Work required: Your answer must be the full listing, word for word, with no images in it.

Data provided:
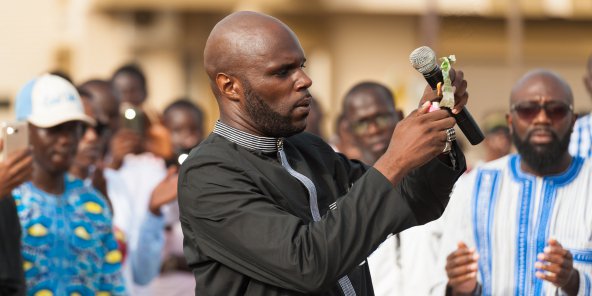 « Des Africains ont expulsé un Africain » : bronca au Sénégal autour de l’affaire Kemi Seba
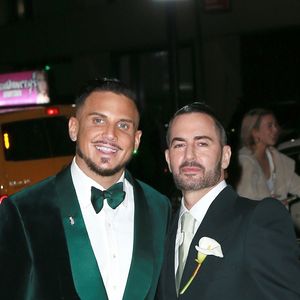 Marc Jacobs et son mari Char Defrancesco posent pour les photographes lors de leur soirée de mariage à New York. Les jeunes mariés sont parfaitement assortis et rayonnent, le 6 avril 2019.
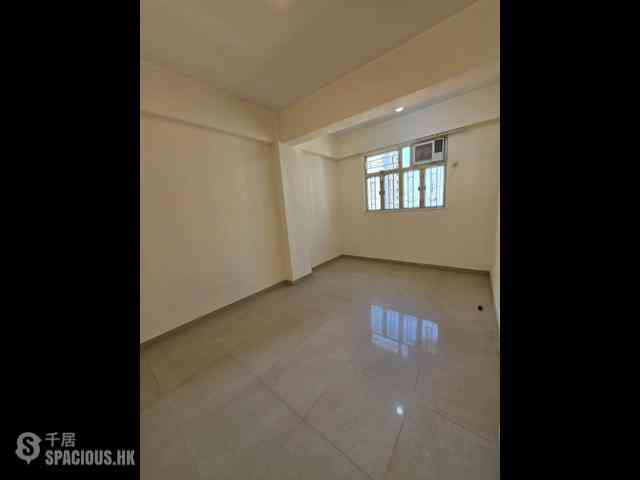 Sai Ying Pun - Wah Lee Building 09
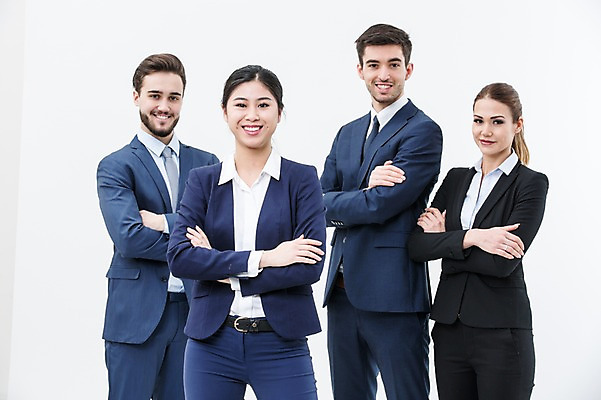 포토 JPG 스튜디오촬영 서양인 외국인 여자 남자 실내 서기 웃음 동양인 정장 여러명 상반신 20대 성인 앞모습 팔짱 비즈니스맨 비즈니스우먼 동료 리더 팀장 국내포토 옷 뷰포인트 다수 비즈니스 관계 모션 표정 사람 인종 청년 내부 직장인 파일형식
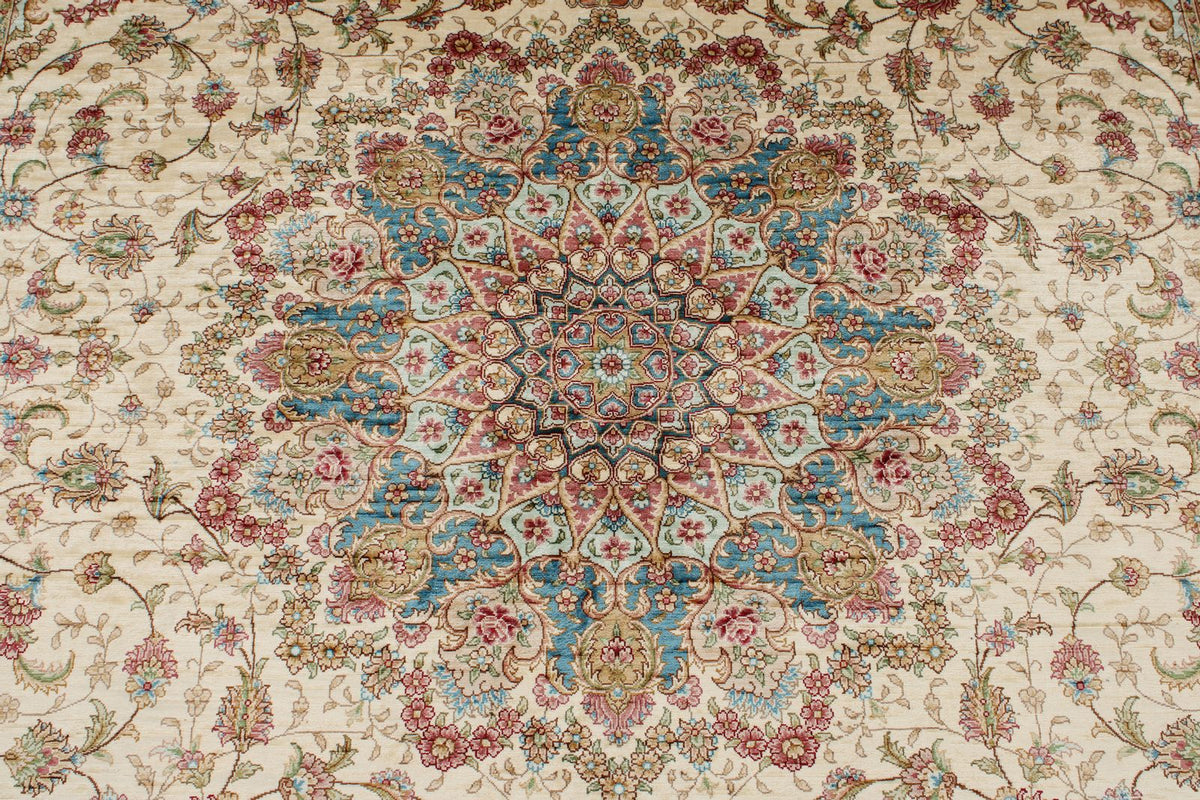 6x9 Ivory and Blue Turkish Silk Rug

Exercise output:
 « Des Africains ont expulsé un Africain » : bronca au Sénégal autour de l’affaire Kemi Seba
 Marc Jacobs et son mari Char Defrancesco posent pour les photographes lors de leur soirée de mariage à New York. Les jeunes mariés sont parfaitement assortis et rayonnent, le 6 avril 2019.
 Sai Ying Pun - Wah Lee Building 09
 포토 JPG 스튜디오촬영 서양인 외국인 여자 남자 실내 서기 웃음 동양인 정장 여러명 상반신 20대 성인 앞모습 팔짱 비즈니스맨 비즈니스우먼 동료 리더 팀장 국내포토 옷 뷰포인트 다수 비즈니스 관계 모션 표정 사람 인종 청년 내부 직장인 파일형식
 6x9 Ivory and Blue Turkish Silk Rug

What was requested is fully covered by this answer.